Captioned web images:
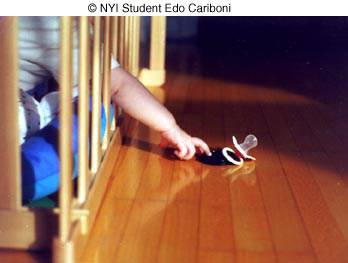 Baby reaching pacififer by NYIP Student Edo Cariboni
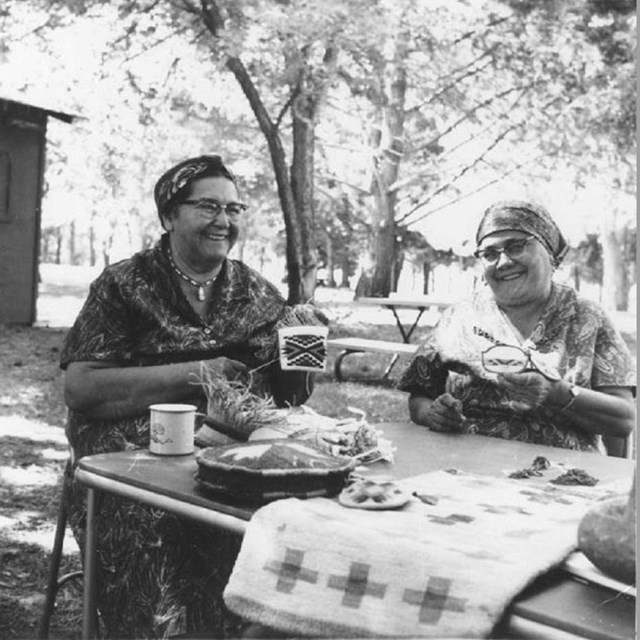 Two women with weaving equipment smiling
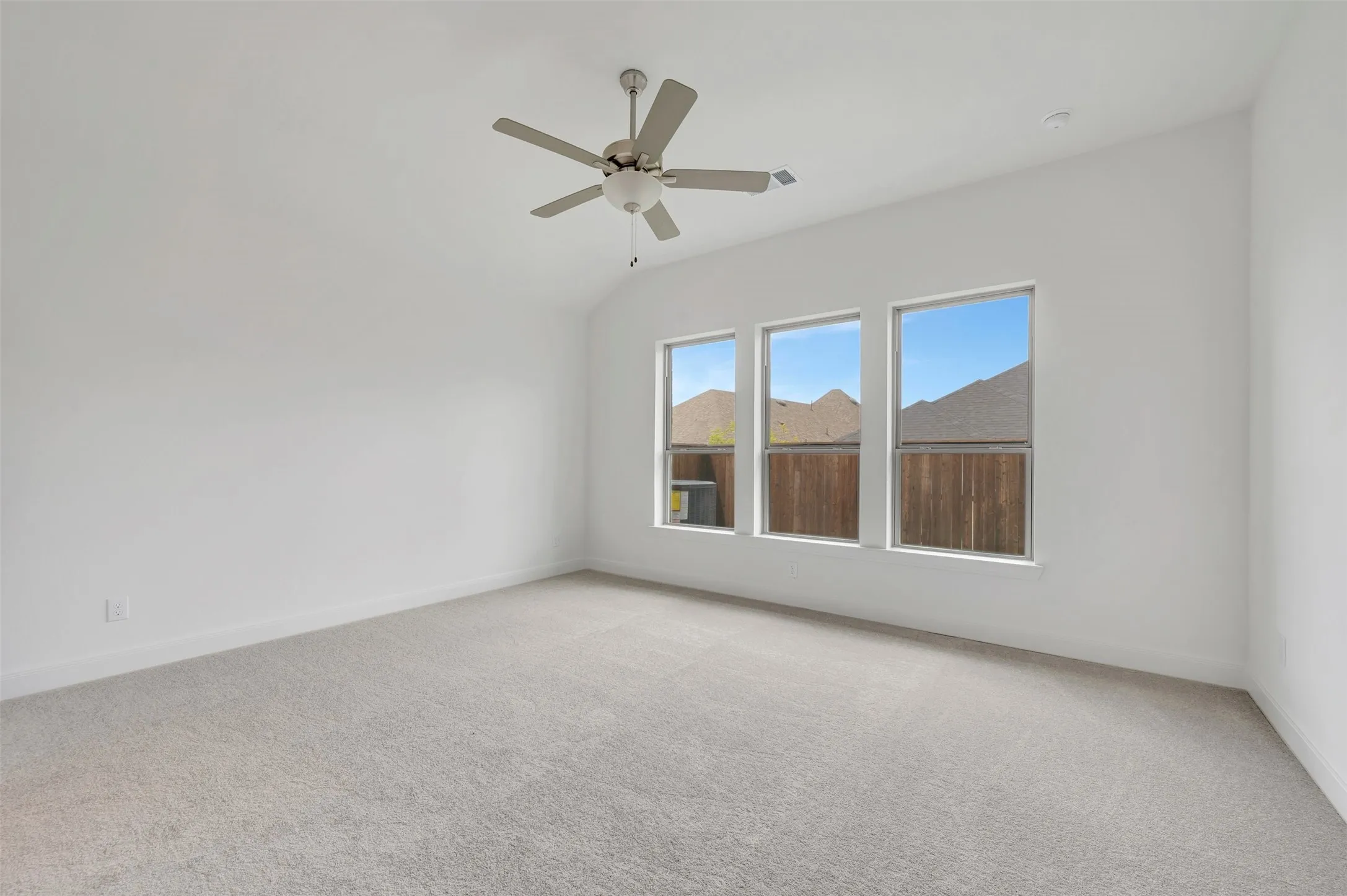 Vaulted ceiling with a ceiling fan, three large windows, and neutral carpeting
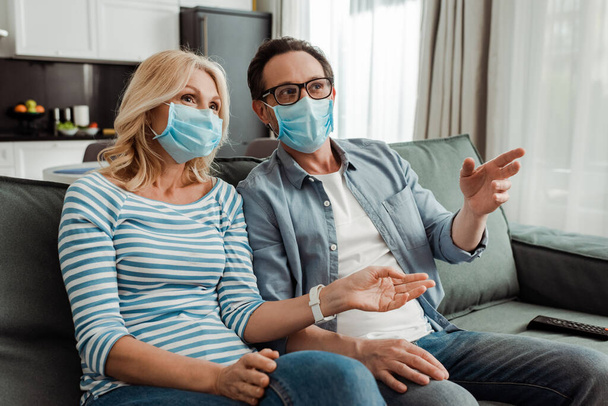 Enfoque selectivo de la mujer en la máscara médica viendo la televisión cerca de marido señalando con la mano en el sofá
  - Foto, Imagen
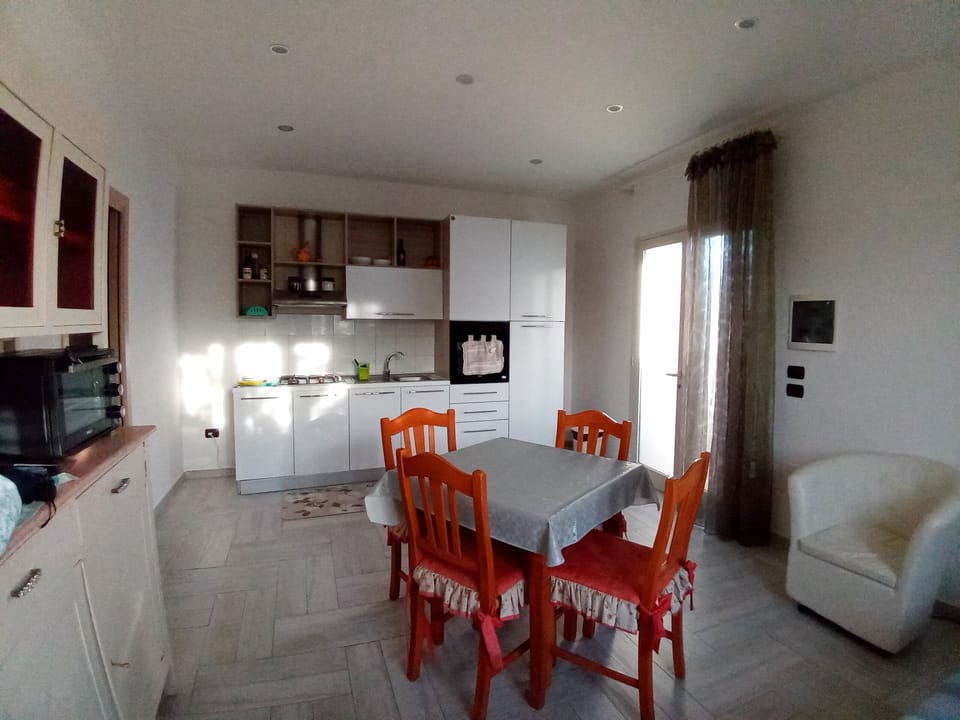Standard Apartment, Kitchenette (Perla) | Living area | Flat-screen TV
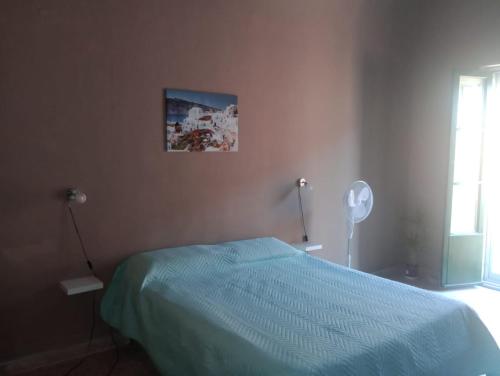 - une chambre avec un lit doté d'un couvre-lit bleu dans l'établissement Vicino l'Etna, à Tremestieri Etneo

> **WHAT YOU ARE ASKED TO DO**
Please write out all the data again word for word, but not the pictures.

> **TASK ANSWER**
 Baby reaching pacififer by NYIP Student Edo Cariboni
 Two women with weaving equipment smiling
 Vaulted ceiling with a ceiling fan, three large windows, and neutral carpeting
 Enfoque selectivo de la mujer en la máscara médica viendo la televisión cerca de marido señalando con la mano en el sofá
  - Foto, Imagen
Standard Apartment, Kitchenette (Perla) | Living area | Flat-screen TV
 - une chambre avec un lit doté d'un couvre-lit bleu dans l'établissement Vicino l'Etna, à Tremestieri Etneo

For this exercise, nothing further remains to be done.